For reservations: email@example.com
Directions: 129km (80 miles) from Dublin. From Dublin take R148 and N4 to M4. Follow M4 and M6 to N52 in Westmeath. Take exit 5 from M6. Follow N52 and R421 to your destination.
Malahide Castle and Gardens, Co. Dublin
Malahide Castle and Gardens is located in County Dublin, approximately 30 minutes from Dublin City Centre. As the ancestral seat of the Talbot family for over 800 years, Malahide Castle is considered one Ireland’s oldest castles.
Visit year round- 9.30am- 5.30pm Monday-Sunday
Directions: 13km (8 miles) from Dublin City Centre. Bus Routes- Dublin buses operate to and from Malahide- bus route number 42 or bus route 32 from Dublin City Centre- journey time approx. Trains (DART): Irish Rail operates a train and D.A.R.T. service to and from Malahide: The journey time is approximately 30 minutes.
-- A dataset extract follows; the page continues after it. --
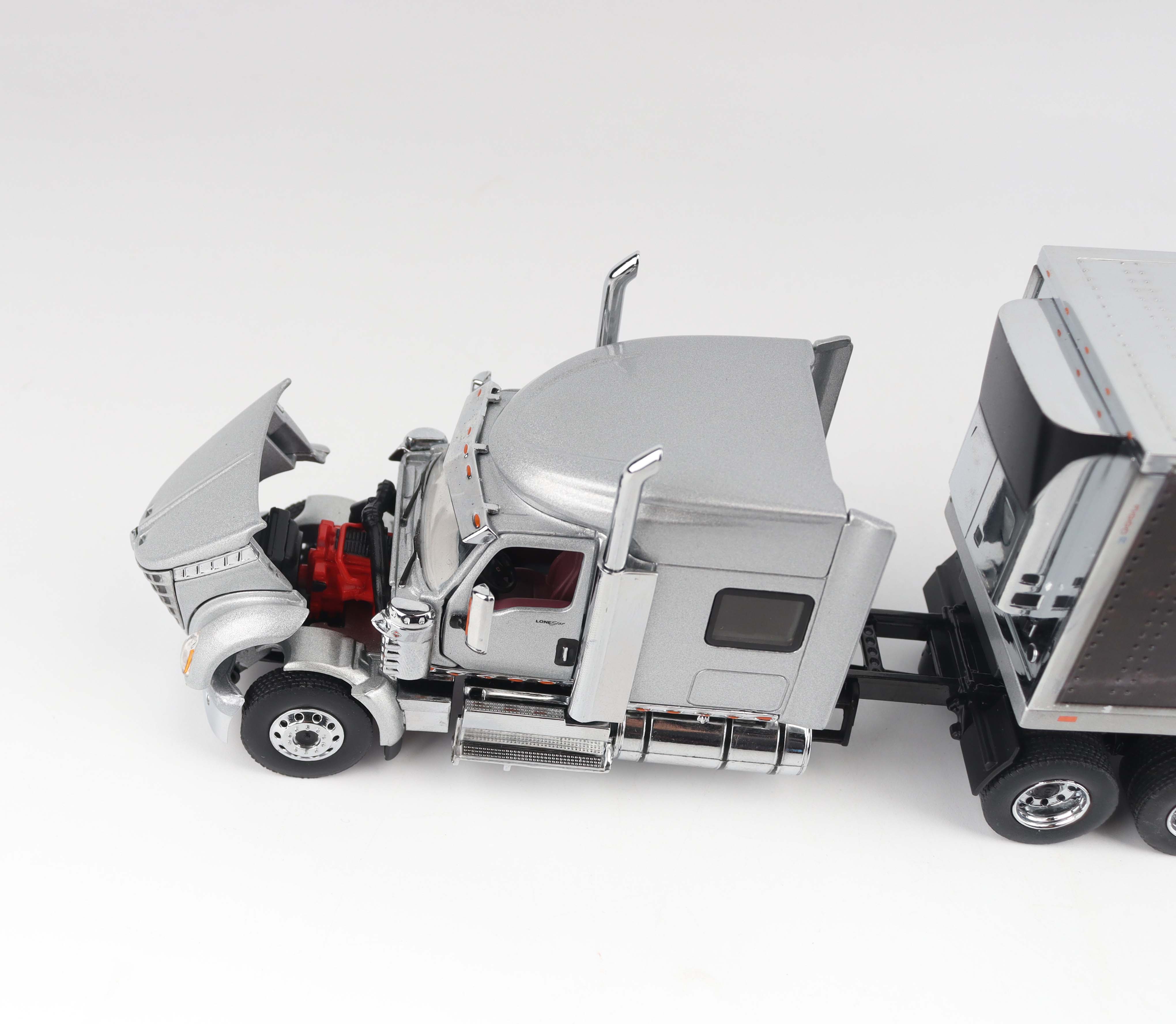 Lonestar mit Bagger-Grafiken Modell von DieCast Masters 1:50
For more information, please visit: http://www.malahidecastleandgardens.ie
Leap Castle, Co. Offaly
Located in Co. Offaly, Leap Castle is said to be one of the most haunted castles in Ireland. The 16th century castle has had an exceptionally violent history and is home to a number of sinister spirits. Currently a private residence, visitors can arrange tours with the castle’s owner.
Visit – To arrange a visit, contact Sean Ryan, email: firstname.lastname@example.org
Directions: 9km (5 miles) north of Roscrea on the R421
For more information, please visit: http://leapcastle.net
Kilmainham Gaol, Co. Dublin
Located within Dublin, Kilmainham Gaol is an absolute must-see when visiting Ireland. The museum’s guided tours offer a glimpse into Ireland’s dark history as well as its protracted struggle for nationhood. Visitors can expect an experience that is both incredibly moving and educational.
Visit year round, except Dec. 24-26.
Directions: 3.5km (8 miles) from Dublin City Centre. Dublin Bus routes: no. 69, 79 from Aston Quay, Dublin 2; no. 13 & 40 from O’Connell St, Dublin 1, or College Green Dublin 2.